Director – Alice Diop – 2022 – France – Cert. 12a – 122m
Researching a proposed book, an academic visits Saint Omer to attend the trial of a woman who murdered her own 15-month old baby – out in UK cinemas on Friday, February 3rd
Holding her baby, a woman walks into the sea.
University lecturer Rama (Kayije Kagame) plans to write a book based around a court case at the Saint Omer criminal court. Her head is full of memories of her mother, with whom her relationship could, at times, be tense. She takes the train to the town, which is in the Northernmost part of France, near the border with Belgium. The Senegalese defendant Laurence Coly (Guslagie Malanda) – the woman seen at the start of the film – is accused of the murder of her 15-month old child Elise.
In her defence, Coly, who has confessed to the murders, claims to have been cursed, that she herself therefore isn’t the party responsible for the killing. Her courtroom testimony unpacks her relationship with her separated parents: she lived with her mother but never really got on with her since they had little in common, while her father paid for her school tuition as he wanted her to study law. She came to France to do so at University, but got into a huge telephone row with her father when she told him she wanted to switch to philosophy, as a result of which he stopped supporting her financially and she cut all ties with him.
Coly subsequently got involved and moved in with a sculptor named Dumontet (he appears briefly on the stand played by Xavier Maly) knowing him to be married but separated from his wife. She talks about sorcery, although the judge is sceptical since the mediums the defendant mentions claim not to know her. As she discusses getting pregnant by this man, contradictions emerge in what she says. “I acted as if I wasn’t pregnant,” she says, adding, “I didn’t try to conceal it.“ She is later accused of hiding her child from the world, of anonymising it.

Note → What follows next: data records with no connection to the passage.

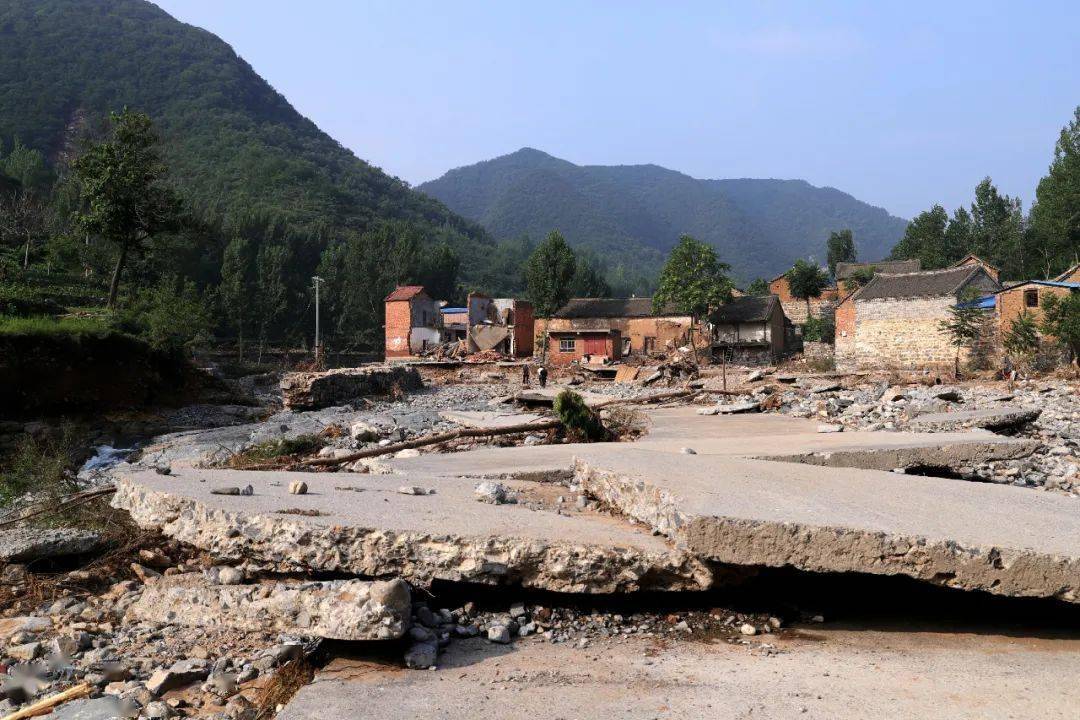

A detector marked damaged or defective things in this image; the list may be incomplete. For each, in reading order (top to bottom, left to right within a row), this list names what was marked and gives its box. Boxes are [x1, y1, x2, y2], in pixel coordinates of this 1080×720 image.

damaged brick house [384, 284, 442, 358]
damaged brick house [462, 293, 533, 360]
damaged brick house [537, 297, 704, 367]
damaged brick house [712, 293, 790, 362]
damaged brick house [833, 267, 1002, 375]
broken concrete slab [280, 367, 423, 410]
broken concrete slab [438, 410, 544, 427]
broken concrete slab [907, 408, 1041, 431]
broken concrete slab [0, 526, 100, 565]
broken concrete slab [113, 468, 712, 591]
broken concrete slab [578, 446, 1080, 604]
broken concrete slab [130, 574, 408, 643]
cracked concrete road [280, 630, 1080, 720]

While all this is going on – and it’s electrifying stuff – Rama, who it turns out is herself some four months pregnant, finds herself talking to the defendant’s mother Odile Diatta (Salimata Kamate) who is also attending the trial, later lunching with her. There are further flashbacks of Rama’s childhood, throwing more light on her relationship with her own mother. And it comes out that Rama’s proposed book related to the Greek myth of Medea.
After grabbing you in its opening moments, this then takes a little while to get going and arguably gets bogged down a little in its portrayal of the academic. Once it settles into the trial, though, it’s as compelling a courtroom drama as I can remember seeing. This is partly down to Alice Diop’s direction. A former maker of documentaries, here making her first narrative feature, Diop seems just as interested in conveying all the minutiae of French courtroom procedure as she is in telling her story, and the former has the effect of anchoring the viewer to make the unfolding court case all the more effective in dramatic terms.

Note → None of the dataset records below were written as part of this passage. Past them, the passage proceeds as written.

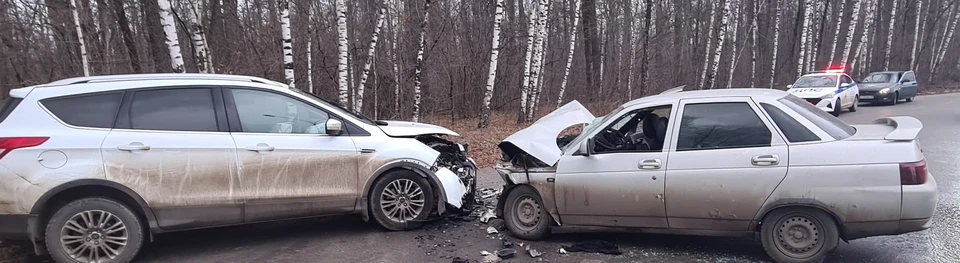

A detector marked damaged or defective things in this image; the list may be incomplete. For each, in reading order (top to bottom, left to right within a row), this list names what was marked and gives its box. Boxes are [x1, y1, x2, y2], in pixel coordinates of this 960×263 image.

crumpled hood [376, 122, 460, 138]
crumpled hood [502, 100, 592, 166]
torn metal panel [502, 100, 592, 166]
damaged front end [414, 136, 478, 212]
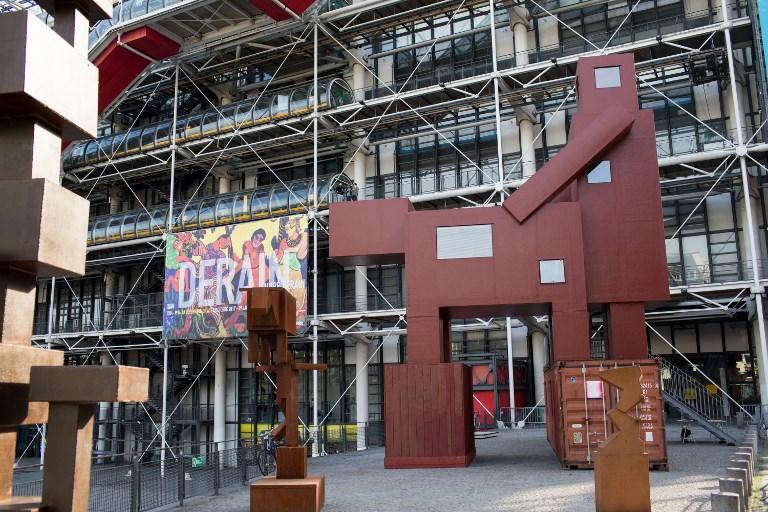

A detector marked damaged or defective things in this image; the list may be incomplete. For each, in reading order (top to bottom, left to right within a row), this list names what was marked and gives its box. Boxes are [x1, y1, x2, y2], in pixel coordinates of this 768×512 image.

rusty steel sculpture in foreground [0, 1, 149, 512]
rusty steel sculpture in foreground [248, 288, 326, 512]
rusty steel sculpture in foreground [592, 368, 648, 512]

In addition, she has clearly given a lot of thought to the casting of the roles of courtroom professionals so that, while Malanda’s Coly is clearly the centre of attention, the judge (Valérie Dréville), the defence lawyer (Aurélia Petit from The Science Of Sleep, Michel Gondry, 2006; Personal Shopper, Olivier Assayas, 2016) and the prosecutor (Robert Cantarella) all prove highly watchable when they appear on screen.
That said, Guslagie Malanda’s extraordinary performance as the troubled and often contradictory defendant is the film’s strongest asset and the reason to see it.
Saint Omer is out in cinemas in the UK on Friday, February 3rd.